Beginning with the line that has "We wanted to" and ending with the line that has "It's Felicia here", retype the entries below exactly, except for the pictures.

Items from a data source
--- --- ---

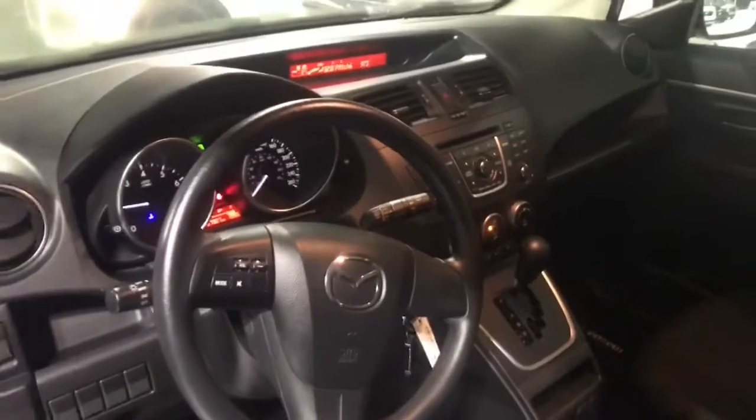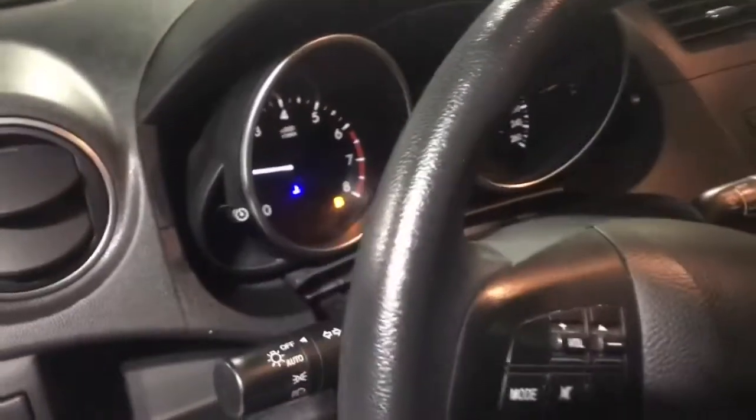Looking into the interior here — all your power windows, power locks on this guy, AC for you as well. Volume controls located there on the steering wheel. Super low K like I said.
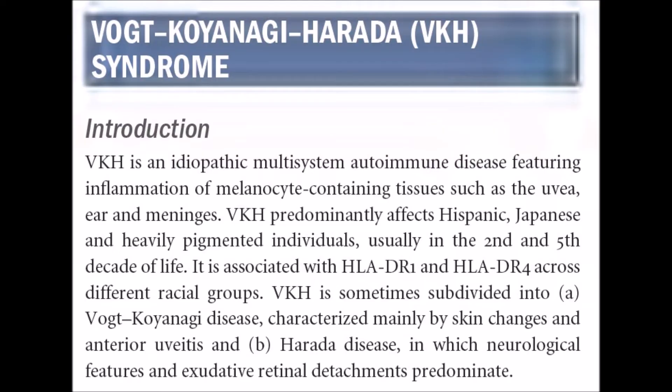The topic we are going to discuss today is Vogt-Koyanagi-Harada syndrome. It is an idiopathic multisystem autoimmune disease featuring inflammation of melanocyte-containing tissues such as skin, uvea, ear, and meninges. VKH predominantly affects Hispanic, Japanese, and heavily pigmented individuals, usually in the second to fifth decade of life. It is associated with HLA-DR1 and DR4 across different racial groups.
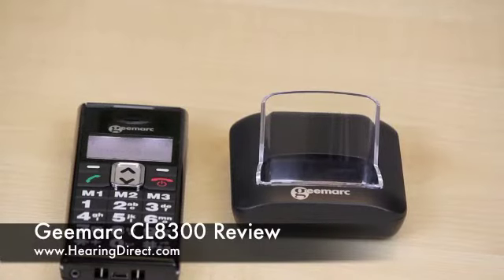This is the GMARC CL8-300 amplified mobile phone. At the moment, this is the loudest amplified mobile phone in the world. It offers up to 45 extra decibels.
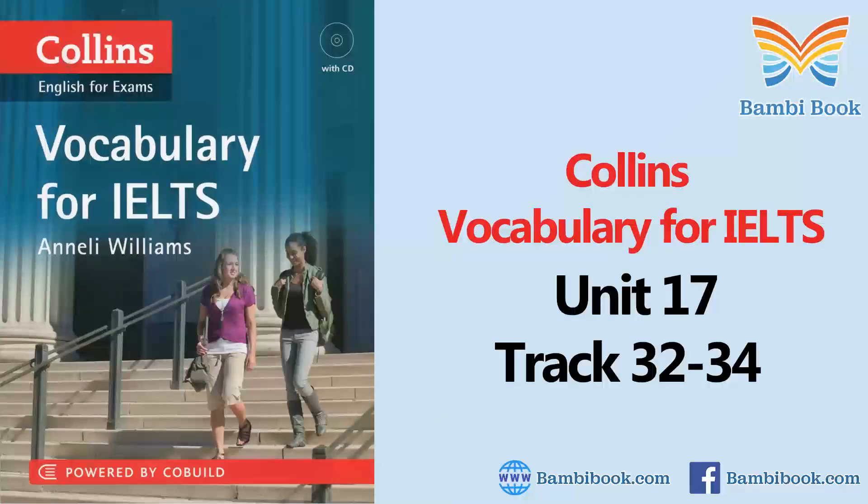My grandmother's feeling poorly and lost her appetite. I'm afraid she's not as strong as she used to be, but I don't know what I can do to help.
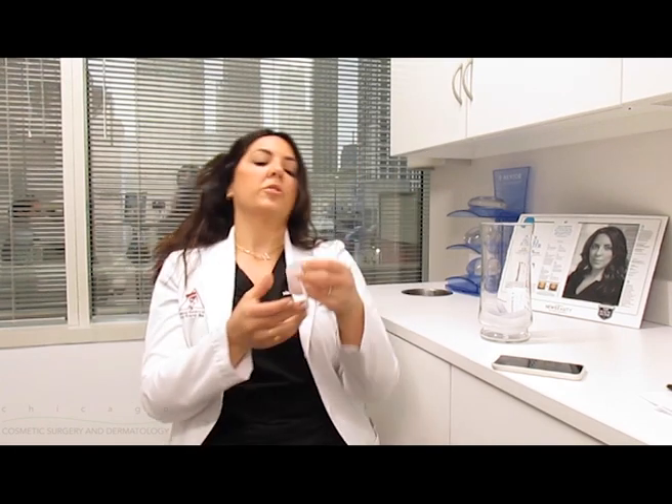Once in a while, you can develop nodules depending on the type of product used and how it was placed, but that is not the norm. And if it is a hyaluronic acid filler, which has been placed — which it usually is — we do have ways that we can dissolve those nodules if they do appear, which is very, very rare.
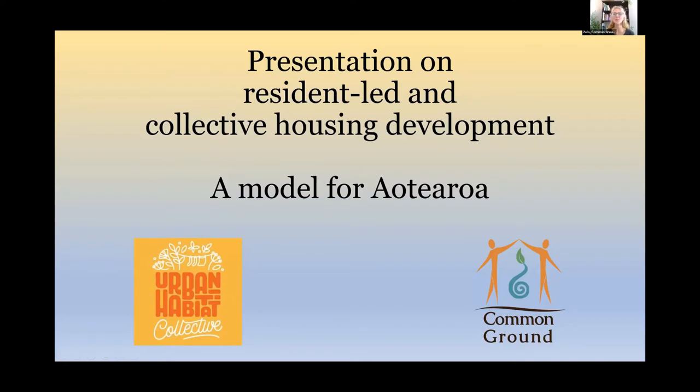Our main topic today is resident-led and collective housing development as a model for Aotearoa. It's in conjunction with the Urban Habitat Collective, and we have Bronwyn Newton with us to share about her particular project and how it looks on the ground. Because there's so much variation, Bronwyn's going to share her real-life experience, and hopefully in the future we'll have other people coming on to share how their particular resident-led and collective housing development has gone, so we get a wider understanding of how this model can work in different parts of the country in different formats.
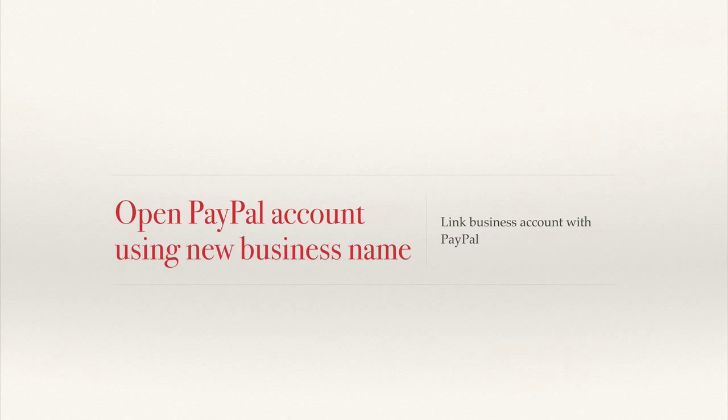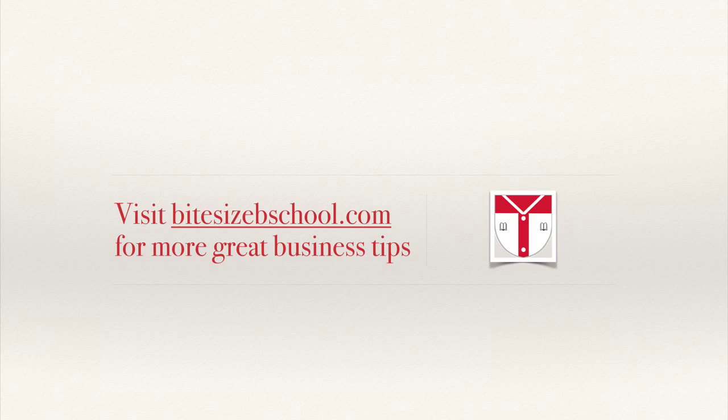If business and personal funds are all mixed together rather than separate, it's much harder to demonstrate it's a real business. There are also good accounting reasons to keep them separate. Those are the quick steps to open a business checking account for a new sole proprietor. For more great business tips, visit bitesizebschool.com.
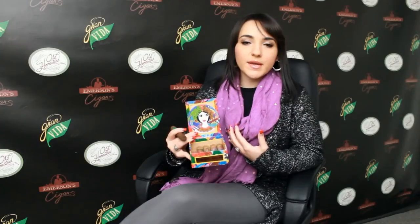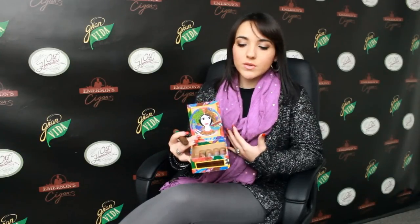It comes in these small ten count boxes that are very bright. The artwork was done by a friend of mine called Ninosca Perez Castellon. She is a Cuban artist in Miami. And if you look through the painting you will find things that are very symbolic of my Cuban heritage but very subtle as well.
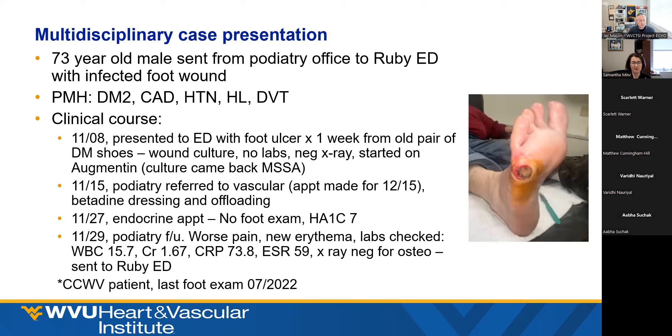The patient was seen November 8th with a one-week history of a diabetic foot ulcer from a diabetic shoe that rubbed. They did a superficial wound culture at that time, which came back as MSSA. They did not do any labs. The x-ray was negative for osteo. Patient was started on Augmentin and referred to see podiatry and his primary care. He did get seen by podiatry on the 15th and was referred to vascular at that point.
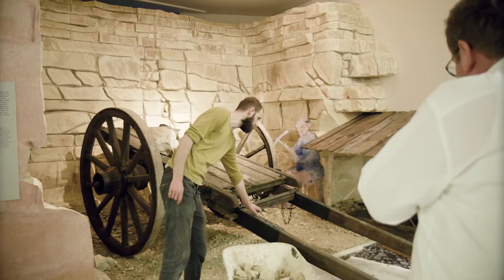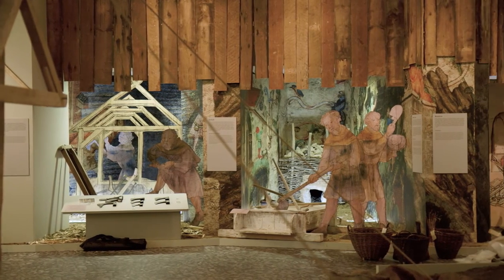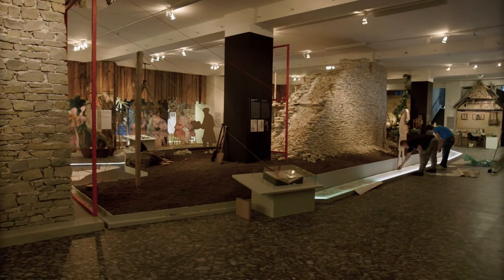We wanted to show with this exhibition not only the famous architects, such as Matyáš Sarasu or Petr Padleř, but also the ordinary workers who have built this beautiful exhibition.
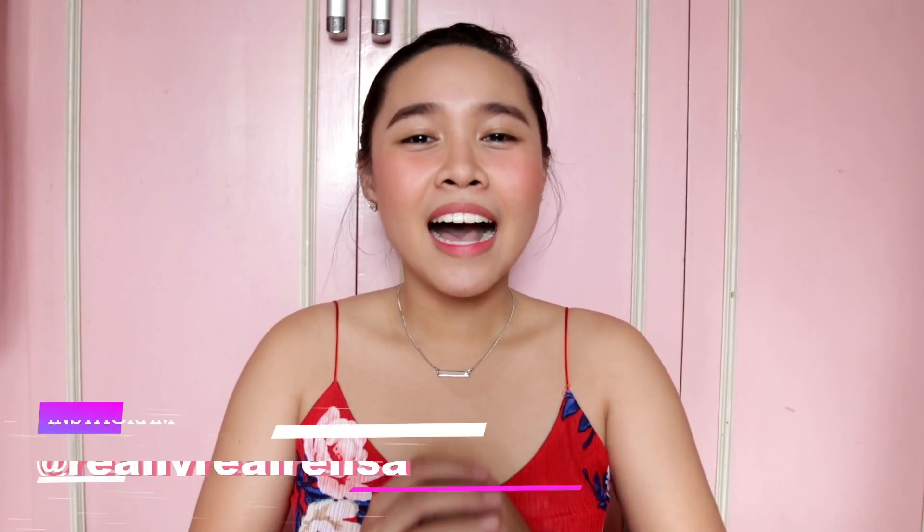It's Felicia here and welcome back to my channel. So for today, I'm very excited about this because finally I am able to film this one and it's a very requested video.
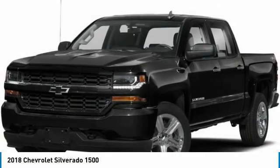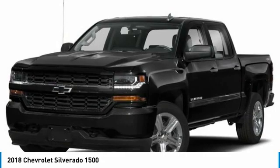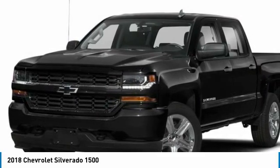Take a ride in a 2018 Silverado 1500. The Chevy Silverado 1500 has the lowest cost of ownership of any full-size pickup. This vehicle has less than 40,000 miles.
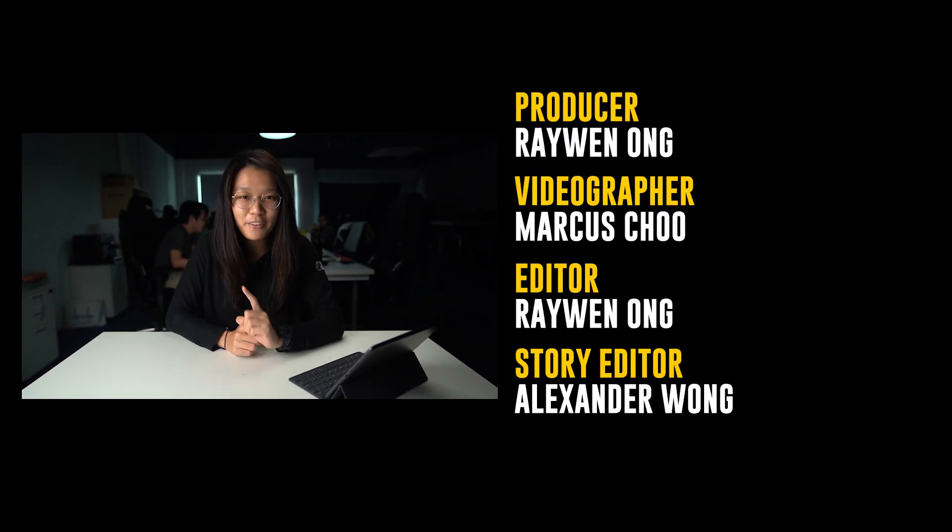And that's it for me today. Thank you guys so much for watching. Remember to like our video if you liked it, and subscribe to our YouTube channel if you haven't already. Also click on the notification bell icon so you'll stay updated on our future videos. See you guys in the next one, bye!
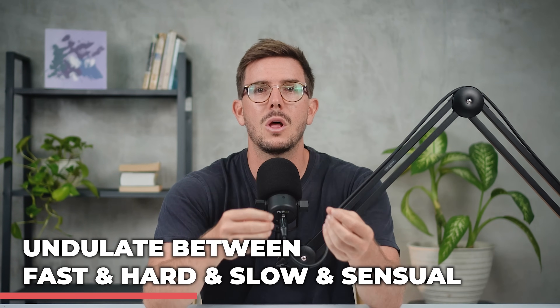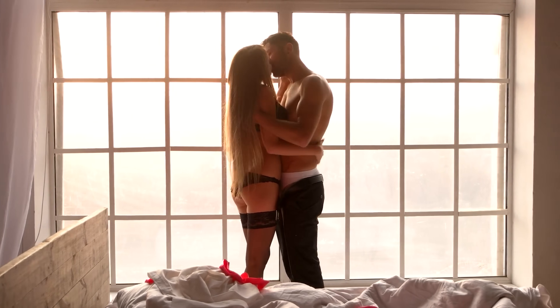Number five — the most important tip to be the best she's ever had — is to undulate between fast and hard and slow and sensual. Your partner wants to feel that deep connection and intimacy with slow and shallow thrusting, but she also wants to feel your power and passion with harder faster thrusting. Go hard and fast, but then connect with deep kissing and slower deeper strokes, then back to some shallow teasing strokes. Express your pleasure — moan, share with her how much she turns you on, how hot she is, how much you love her, and give her that feeling that you just can't get enough of her. This will drive her absolutely wild and can lead to some of the best orgasms of both of your lives.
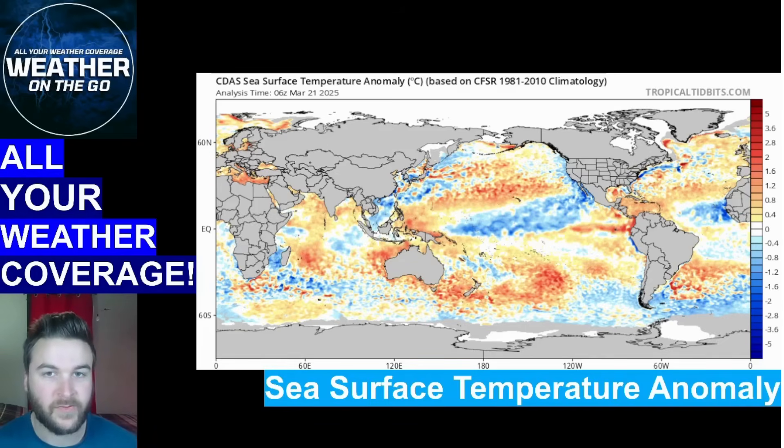Hey everybody, what's happening? Thank you for watching this video. We are going to be going over your spring outlook for 2025 going into April and May, looking at your severe weather season going into April and May, as well as your early preview to summer as we go deeper into the video.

--- --- ---

Solution:
We wanted to show with this exhibition not only the famous architects, such as Matyáš Sarasu or Petr Padleř, but also the ordinary workers who have built this beautiful exhibition.
It's Felicia here and welcome back to my channel. So for today, I'm very excited about this because finally I am able to film this one and it's a very requested video.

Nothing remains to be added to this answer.